O presidente cita também que a linha de custos do balanço financeiro da empresa é polpudo e é um obstáculo para entregar superávits.

“Para ter agência em todas as cidade do Brasil o custo é de R$ 5,5 bilhões. A União não coloca um centavo nos Correios. Nós sustentamos essa operação.”

‘Vale-peru foi para compensar reajuste que não demos’

Sobre a polêmica do vale-peru, do fim de 2024, Santos defendeu o pagamento aos funcionários da estatal – ainda que com o rombo bilionário na empresa.

A estatal, ao fim de 2024, gastou aproximadamente R$ 200 milhões para pagar um benefício de fim de ano de R$ 2.500 para cada um dos seus 84,7 mil funcionários. A notícia gerou repercussão negativa na imprensa, por conta da situação financeira da estatal.

O presidente, todavia, defende que o incremento no benefício de refeição foi para compensar um reajuste salarial que não foi feito no ano.

“Essa questão do vale-peru foi algo mal colocado. A questão ganhou um corpo, mas não condiz com a realidade.

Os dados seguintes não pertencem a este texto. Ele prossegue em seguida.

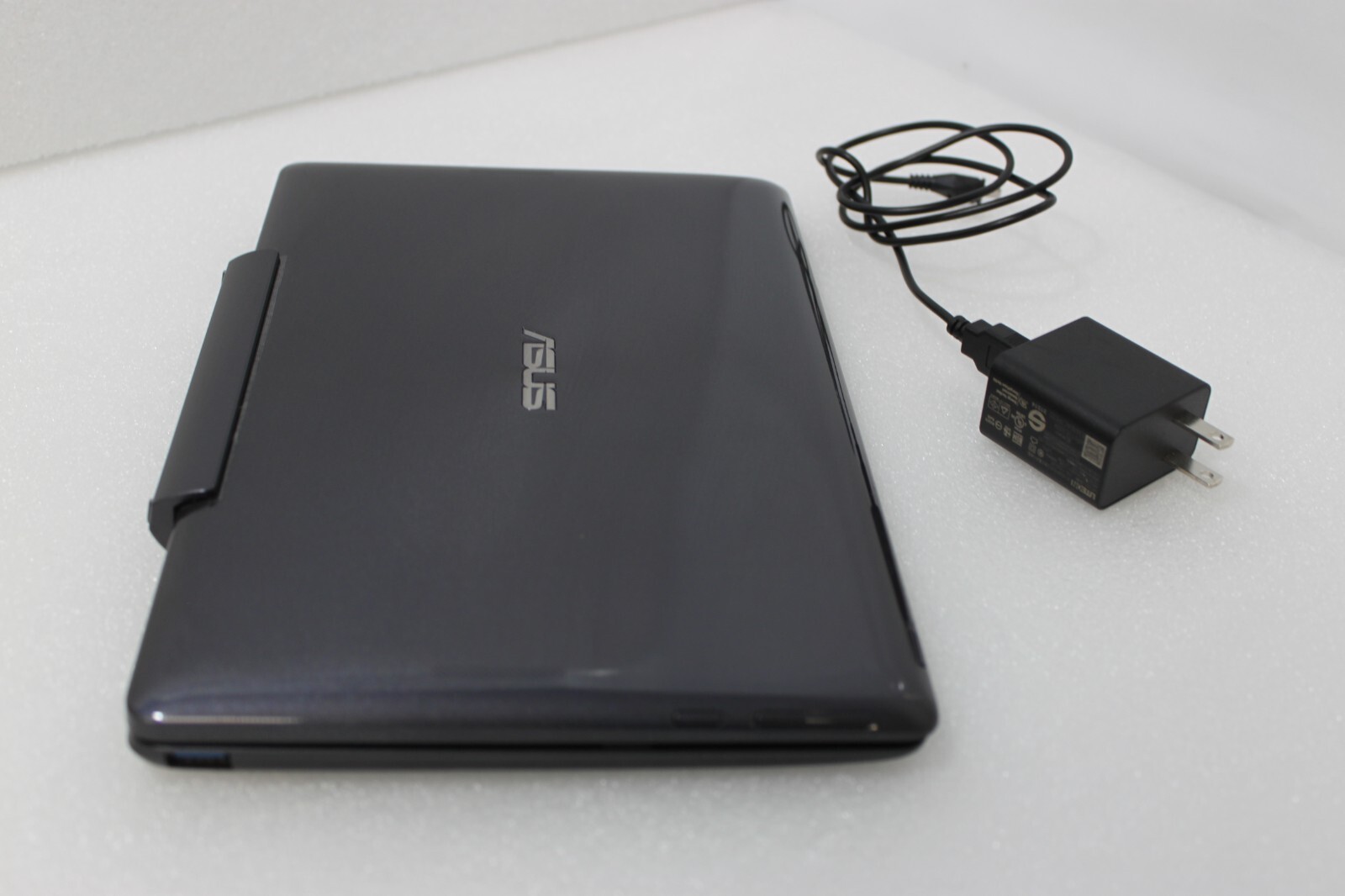 ASUS T100T 10.1in. 62GB, Intel Atom, 1.33GHz, 2GB Convertible 2-in-1 Win8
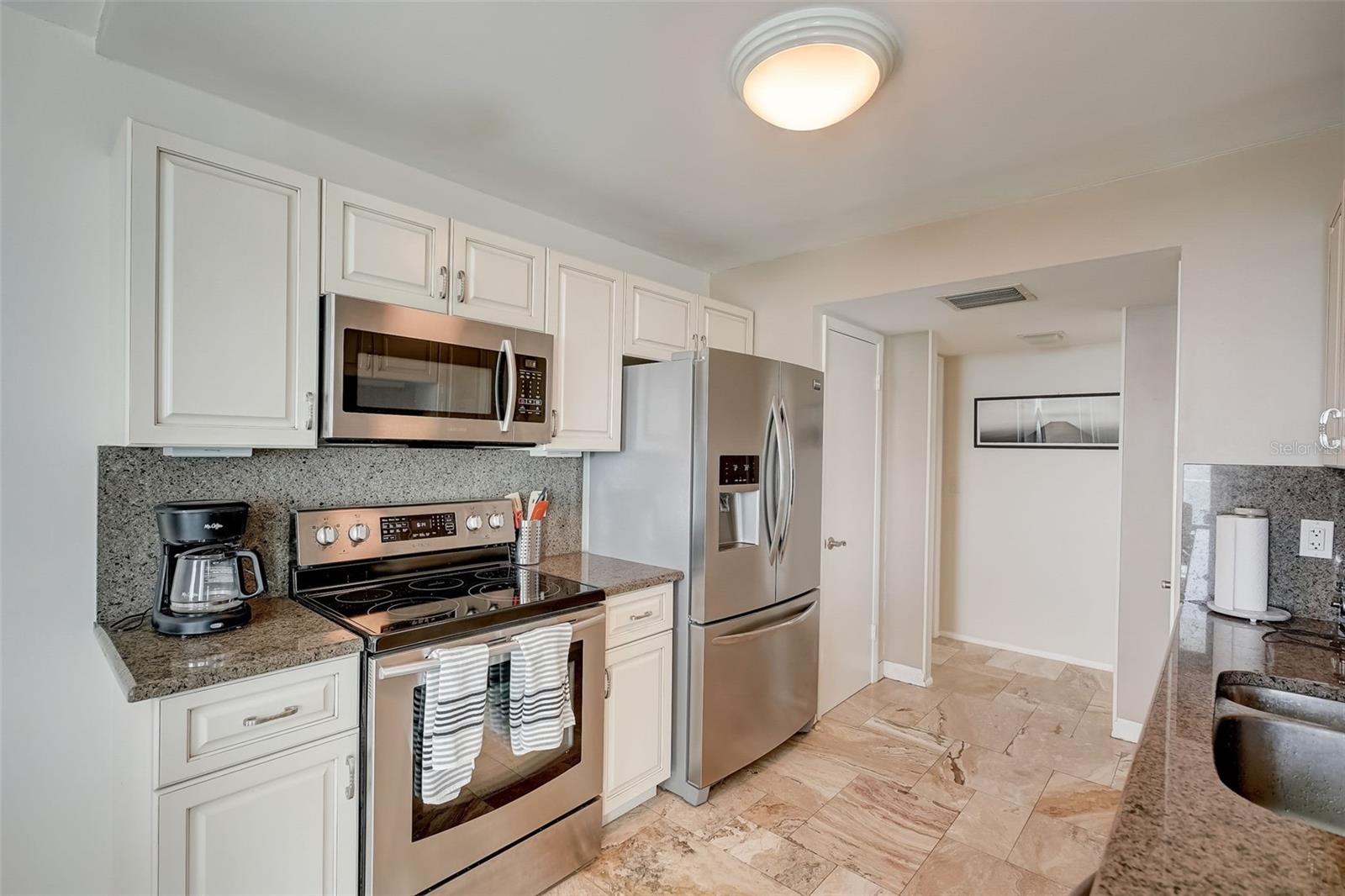 2425 GULF OF MEXICO DR #14B — photo 11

Todo mundo sabe que as empresas dão um vale, um tíquete extra, que é para não dar o aumento real, às vezes na folha, que teria um impacto muito maior”, explica.

“Esse foi um acordo feito com os trabalhadores que impactou muito menos a empresa do que se eu tivesse dado um reajuste [salarial] em agosto. A data–base deles [trabalhadores] é em agosto e o reajuste só foi feito em janeiro, então para compensar demos esse incremento no vale-alimentação”, completa.

O vale-peru dos Correios fez parte de convenções trabalhistas dos Correios de 2005 até 2020, quando foi excluído durante o governo Bolsonaro.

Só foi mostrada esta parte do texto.